[TASK]
With the pictures left out, restate exactly the part below that opens with the line containing "Ladybug on Grass close up Poster" and closes with the line containing "Davallia Rabbit's Foot".

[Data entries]
-- Opening Marker --

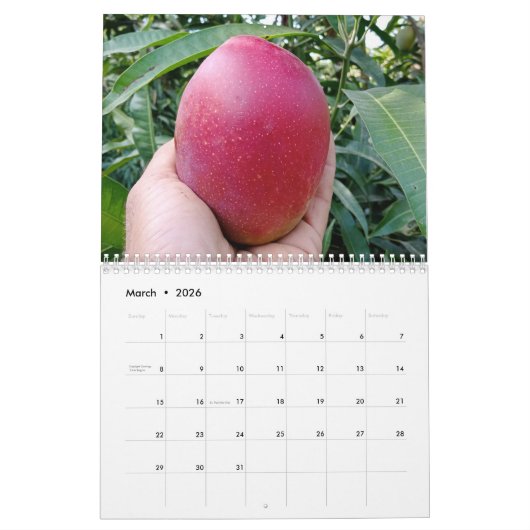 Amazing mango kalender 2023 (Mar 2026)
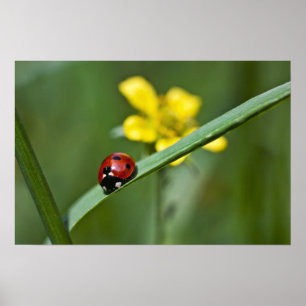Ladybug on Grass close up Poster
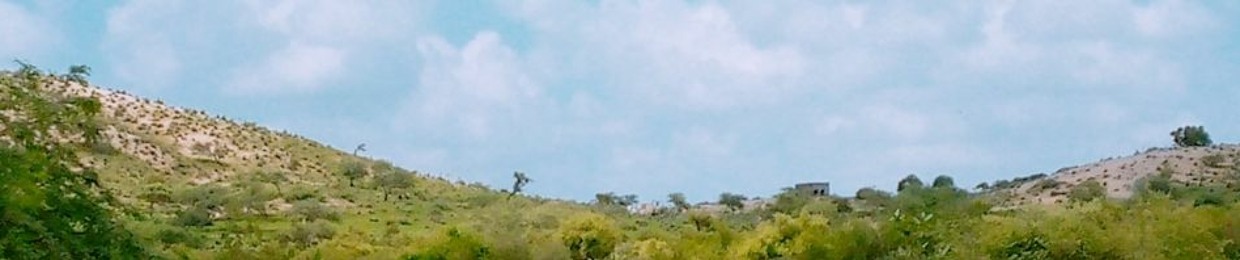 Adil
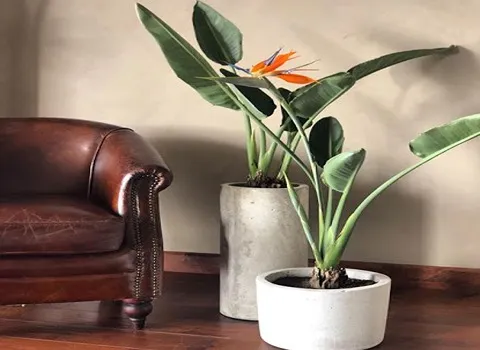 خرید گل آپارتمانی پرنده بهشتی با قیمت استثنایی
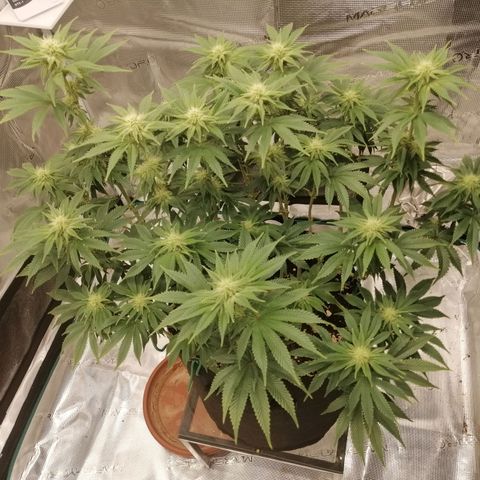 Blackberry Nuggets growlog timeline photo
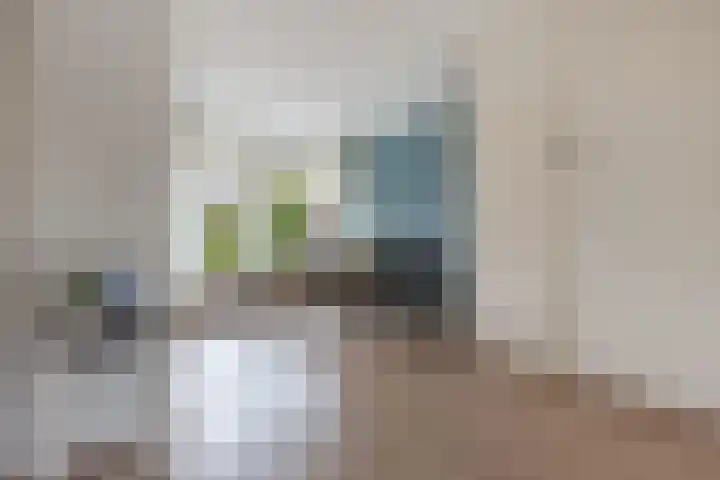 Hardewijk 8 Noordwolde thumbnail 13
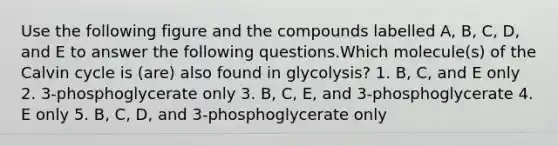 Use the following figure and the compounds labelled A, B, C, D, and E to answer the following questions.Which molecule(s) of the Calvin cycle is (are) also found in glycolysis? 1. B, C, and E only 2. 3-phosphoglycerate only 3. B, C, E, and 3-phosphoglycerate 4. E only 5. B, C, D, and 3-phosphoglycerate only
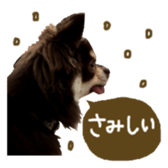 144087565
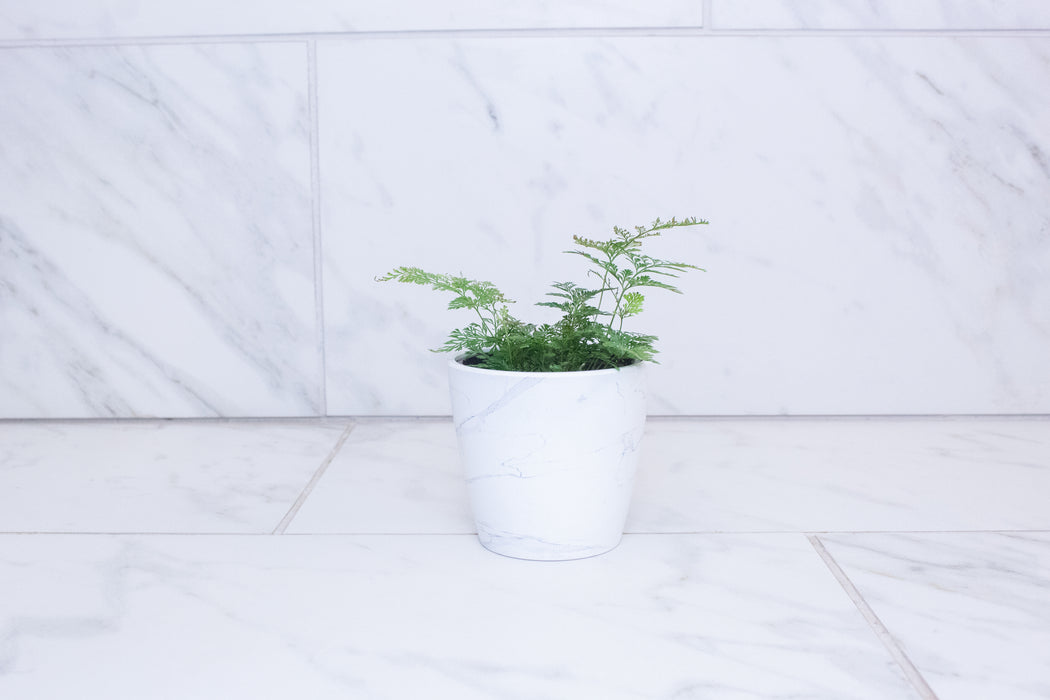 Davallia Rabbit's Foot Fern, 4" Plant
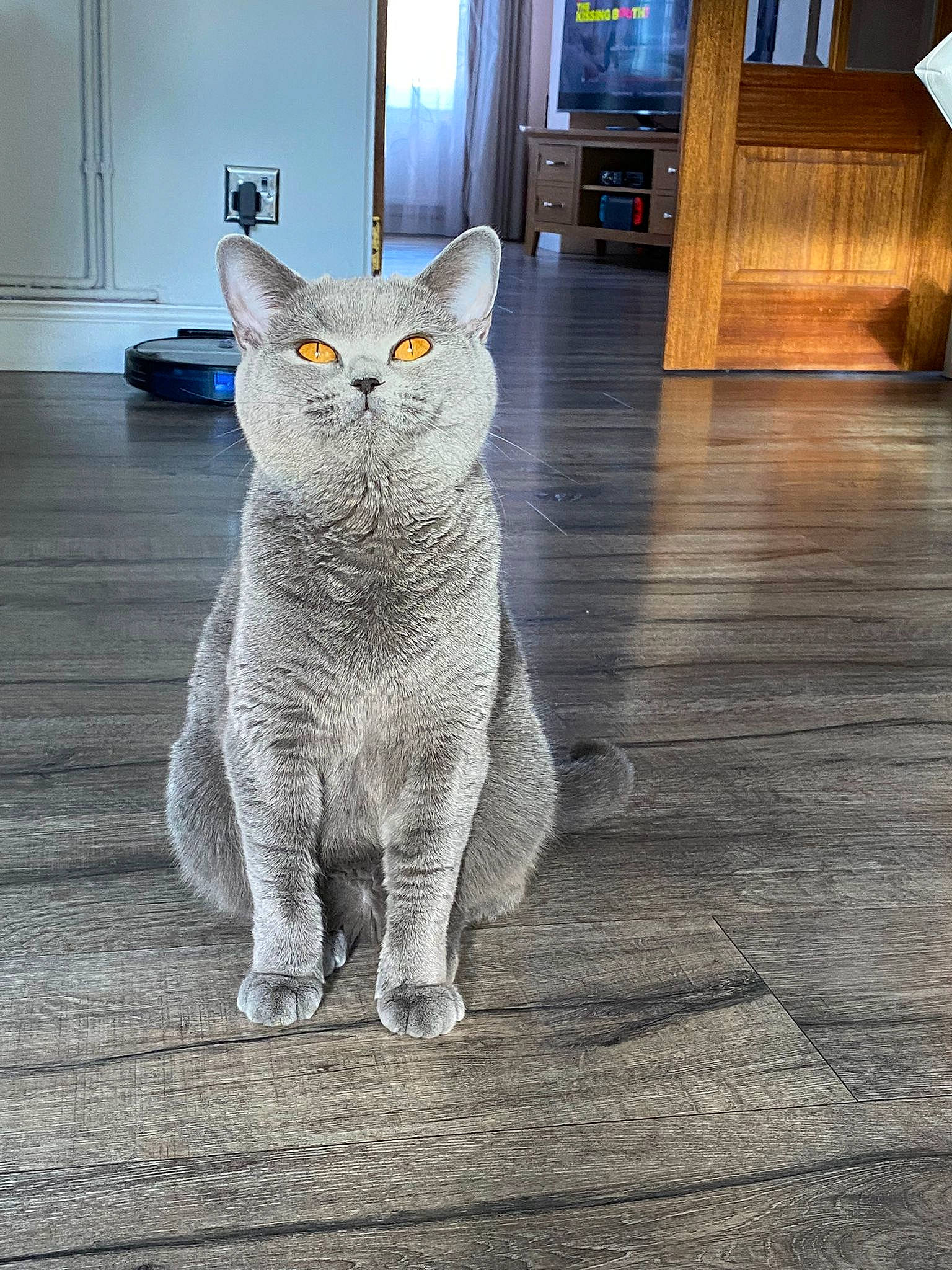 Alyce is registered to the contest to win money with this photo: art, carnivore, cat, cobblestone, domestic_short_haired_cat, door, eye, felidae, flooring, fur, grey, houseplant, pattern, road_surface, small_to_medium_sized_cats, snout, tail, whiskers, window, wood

-- Closing Marker --

[RESPONSE TO THE EXERCISE]
Ladybug on Grass close up Poster
 Adil
 خرید گل آپارتمانی پرنده بهشتی با قیمت استثنایی
 Blackberry Nuggets growlog timeline photo
 Hardewijk 8 Noordwolde thumbnail 13
 Use the following figure and the compounds labelled A, B, C, D, and E to answer the following questions.Which molecule(s) of the Calvin cycle is (are) also found in glycolysis? 1. B, C, and E only 2. 3-phosphoglycerate only 3. B, C, E, and 3-phosphoglycerate 4. E only 5. B, C, D, and 3-phosphoglycerate only
 144087565
 Davallia Rabbit's Foot Fern, 4" Plant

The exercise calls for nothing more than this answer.